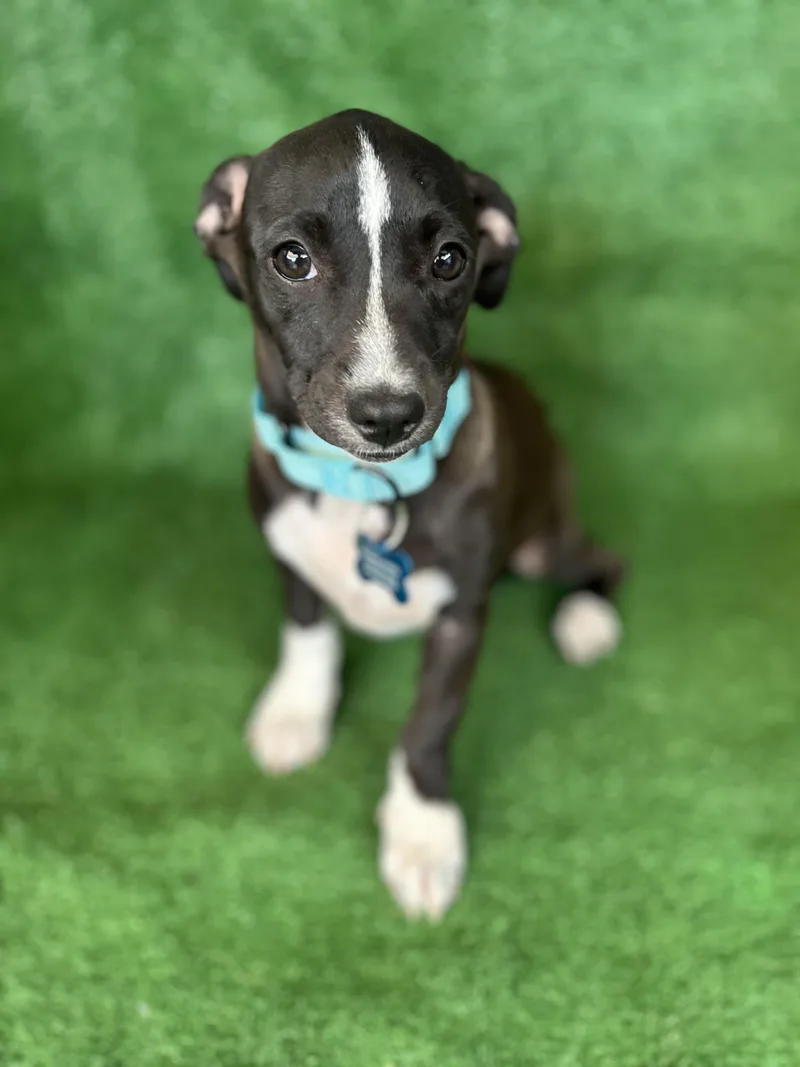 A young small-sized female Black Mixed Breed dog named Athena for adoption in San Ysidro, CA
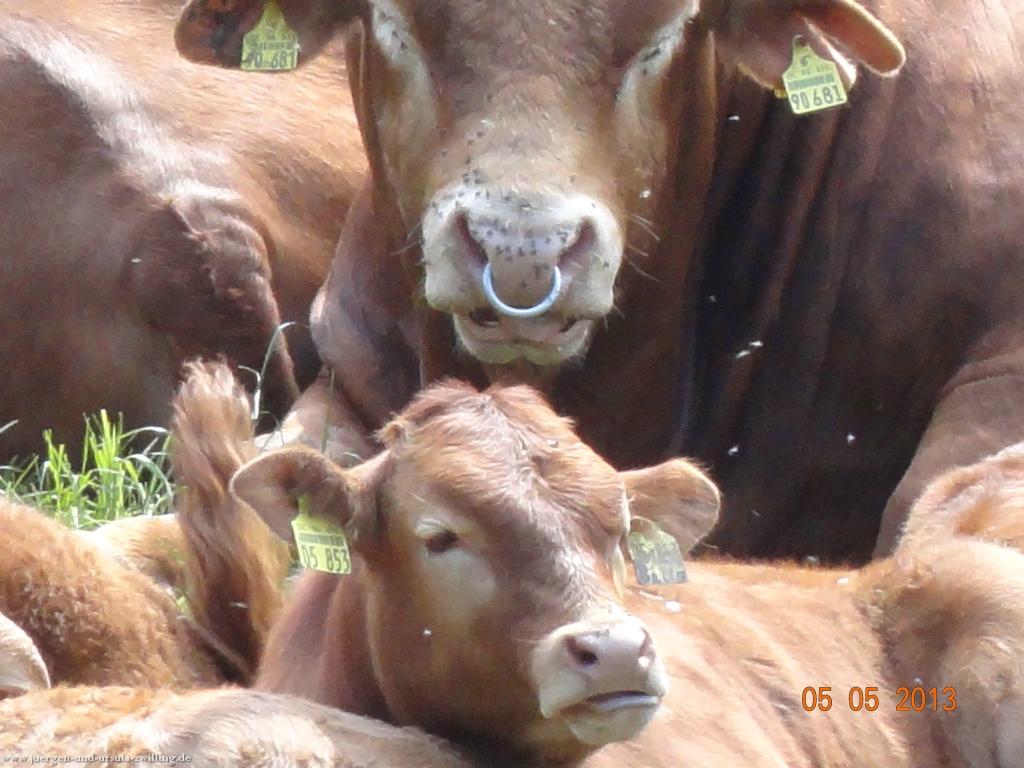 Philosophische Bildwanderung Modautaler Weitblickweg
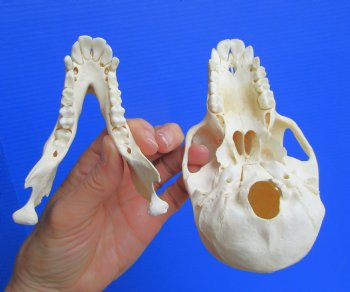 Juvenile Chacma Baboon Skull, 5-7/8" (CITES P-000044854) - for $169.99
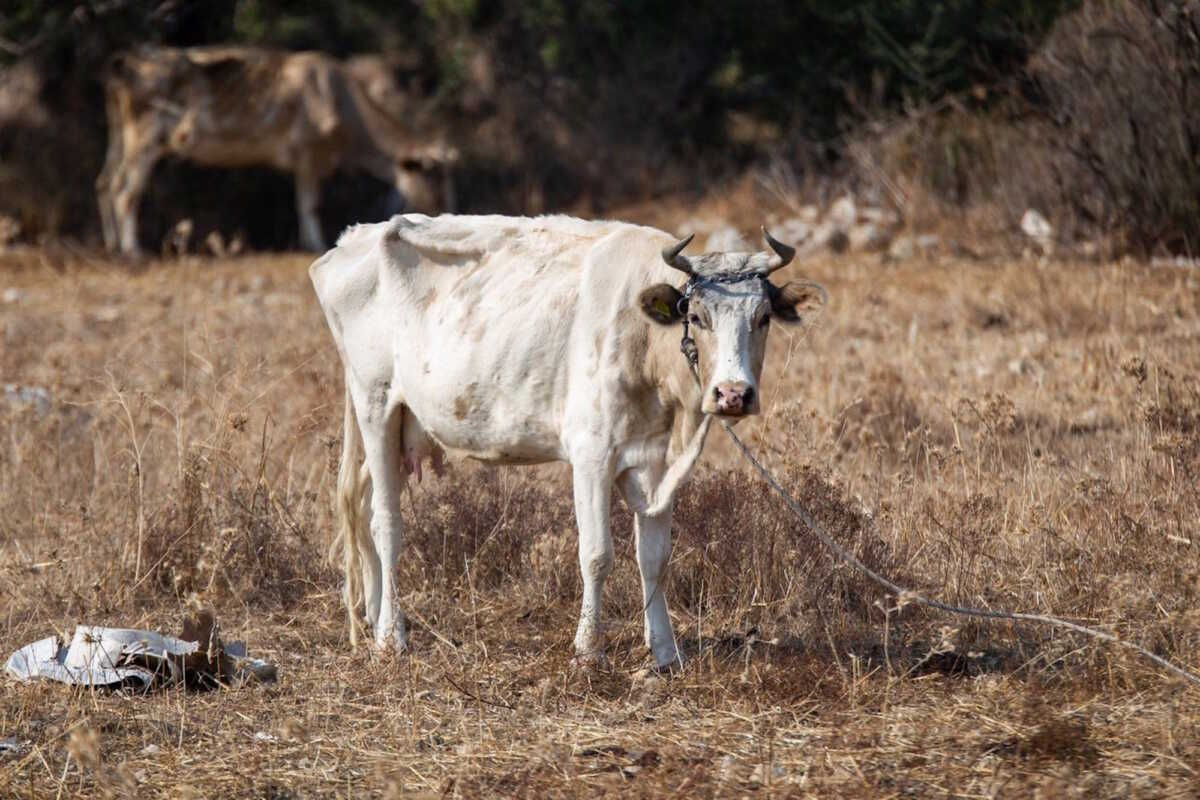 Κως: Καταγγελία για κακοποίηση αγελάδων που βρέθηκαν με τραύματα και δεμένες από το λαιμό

****************

What to do> Produce a verbatim transcription of every line in the listing, images omitted.

Output for this exercise>
 A young small-sized female Black Mixed Breed dog named Athena for adoption in San Ysidro, CA
 Philosophische Bildwanderung Modautaler Weitblickweg
 Juvenile Chacma Baboon Skull, 5-7/8" (CITES P-000044854) - for $169.99
 Κως: Καταγγελία για κακοποίηση αγελάδων που βρέθηκαν με τραύματα και δεμένες από το λαιμό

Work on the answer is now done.